> _ASSIGNED TASK_
Beginning with the line below that contains "young woman having" and ending with the line that contains "A bedroom with", retype every line exactly. Pictures are not copied.

> _PROVIDED MATERIAL_
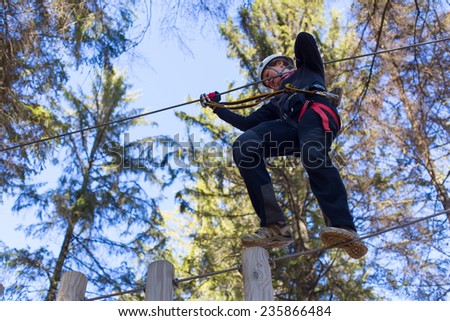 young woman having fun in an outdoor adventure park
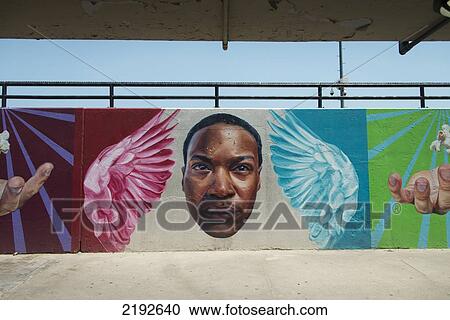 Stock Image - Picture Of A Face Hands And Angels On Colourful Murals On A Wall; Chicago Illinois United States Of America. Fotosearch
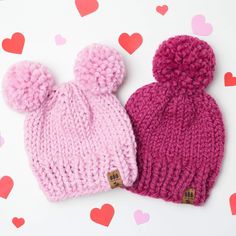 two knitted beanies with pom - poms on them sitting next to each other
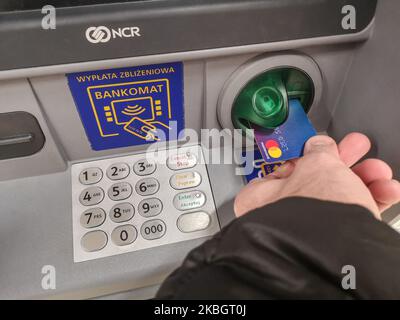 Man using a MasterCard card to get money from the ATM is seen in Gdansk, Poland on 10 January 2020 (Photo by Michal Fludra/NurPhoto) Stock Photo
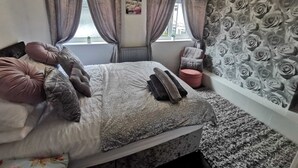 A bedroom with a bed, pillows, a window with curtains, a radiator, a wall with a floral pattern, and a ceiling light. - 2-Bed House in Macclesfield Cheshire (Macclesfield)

* * *

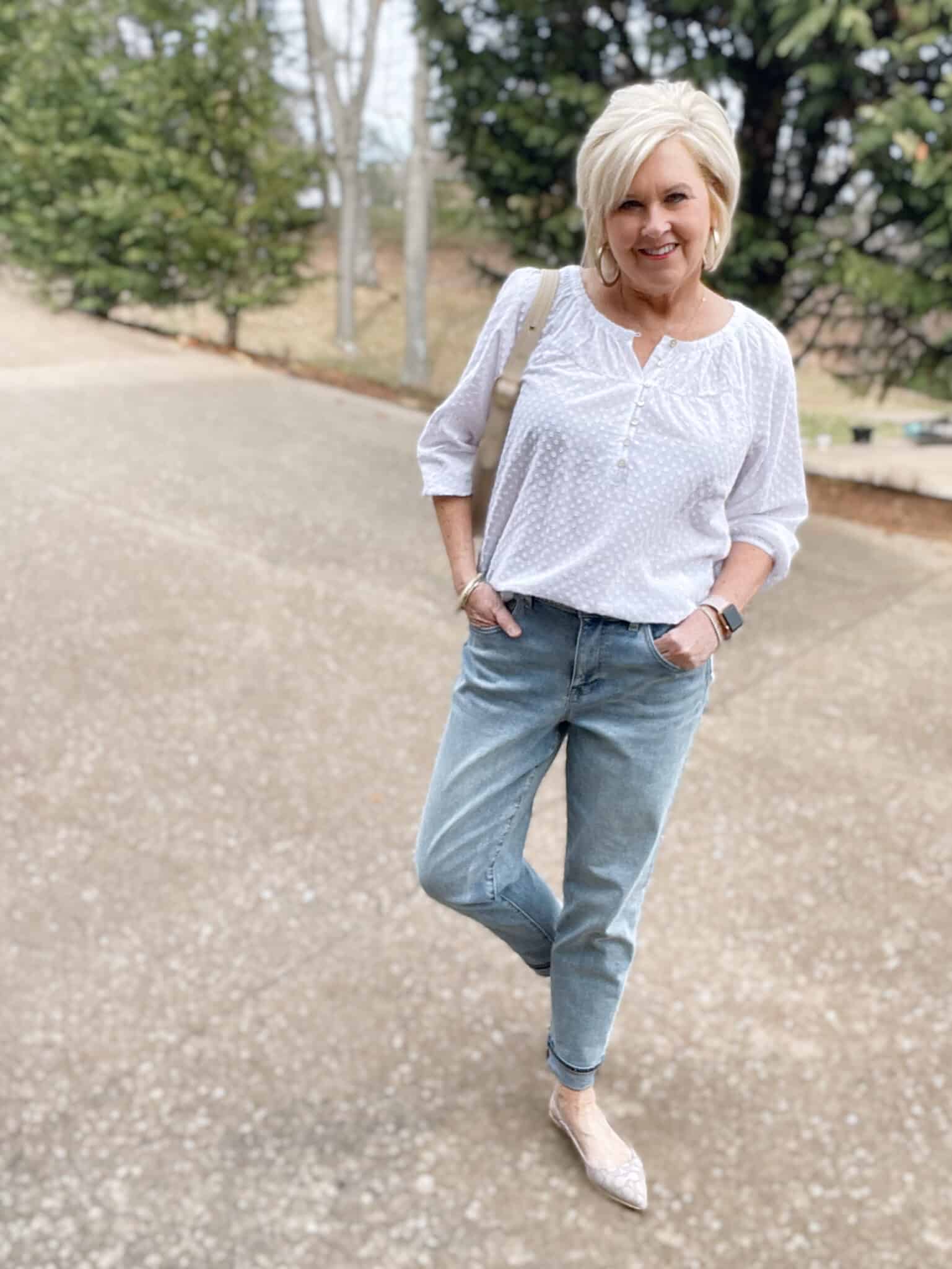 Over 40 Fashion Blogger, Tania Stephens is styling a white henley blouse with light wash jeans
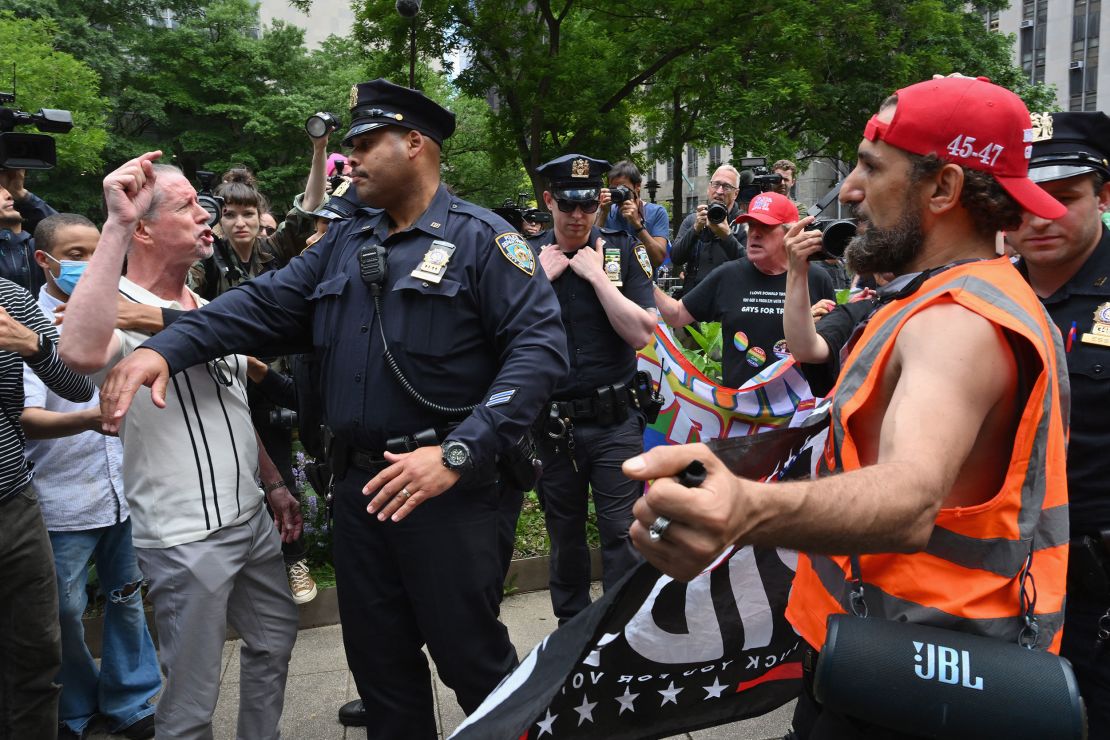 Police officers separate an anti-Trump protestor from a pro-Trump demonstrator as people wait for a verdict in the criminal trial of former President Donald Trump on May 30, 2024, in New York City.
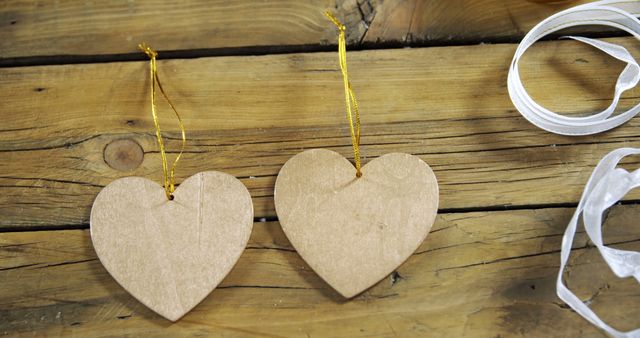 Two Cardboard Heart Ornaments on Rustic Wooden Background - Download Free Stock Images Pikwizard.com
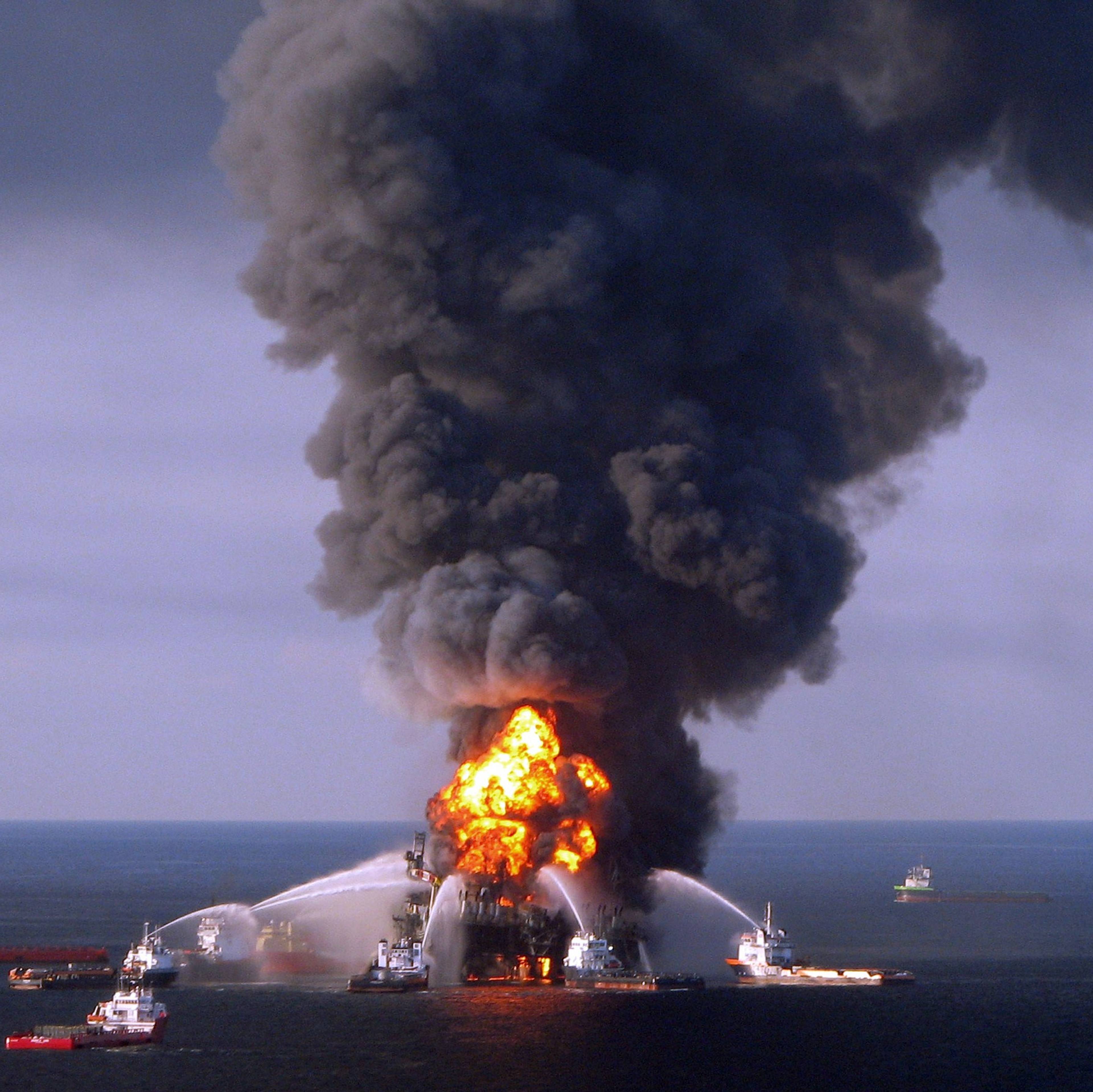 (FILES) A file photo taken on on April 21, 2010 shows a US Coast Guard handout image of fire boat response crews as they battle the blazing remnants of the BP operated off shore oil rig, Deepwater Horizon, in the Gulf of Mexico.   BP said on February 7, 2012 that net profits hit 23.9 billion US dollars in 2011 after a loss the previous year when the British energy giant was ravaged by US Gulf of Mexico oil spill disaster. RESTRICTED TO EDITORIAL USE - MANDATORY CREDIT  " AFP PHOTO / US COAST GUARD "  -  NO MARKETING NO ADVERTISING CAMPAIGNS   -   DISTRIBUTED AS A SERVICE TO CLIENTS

> _EXERCISE RESULT_
 young woman having fun in an outdoor adventure park
 Stock Image - Picture Of A Face Hands And Angels On Colourful Murals On A Wall; Chicago Illinois United States Of America. Fotosearch
 two knitted beanies with pom - poms on them sitting next to each other
 Man using a MasterCard card to get money from the ATM is seen in Gdansk, Poland on 10 January 2020 (Photo by Michal Fludra/NurPhoto) Stock Photo
 A bedroom with a bed, pillows, a window with curtains, a radiator, a wall with a floral pattern, and a ceiling light. - 2-Bed House in Macclesfield Cheshire (Macclesfield)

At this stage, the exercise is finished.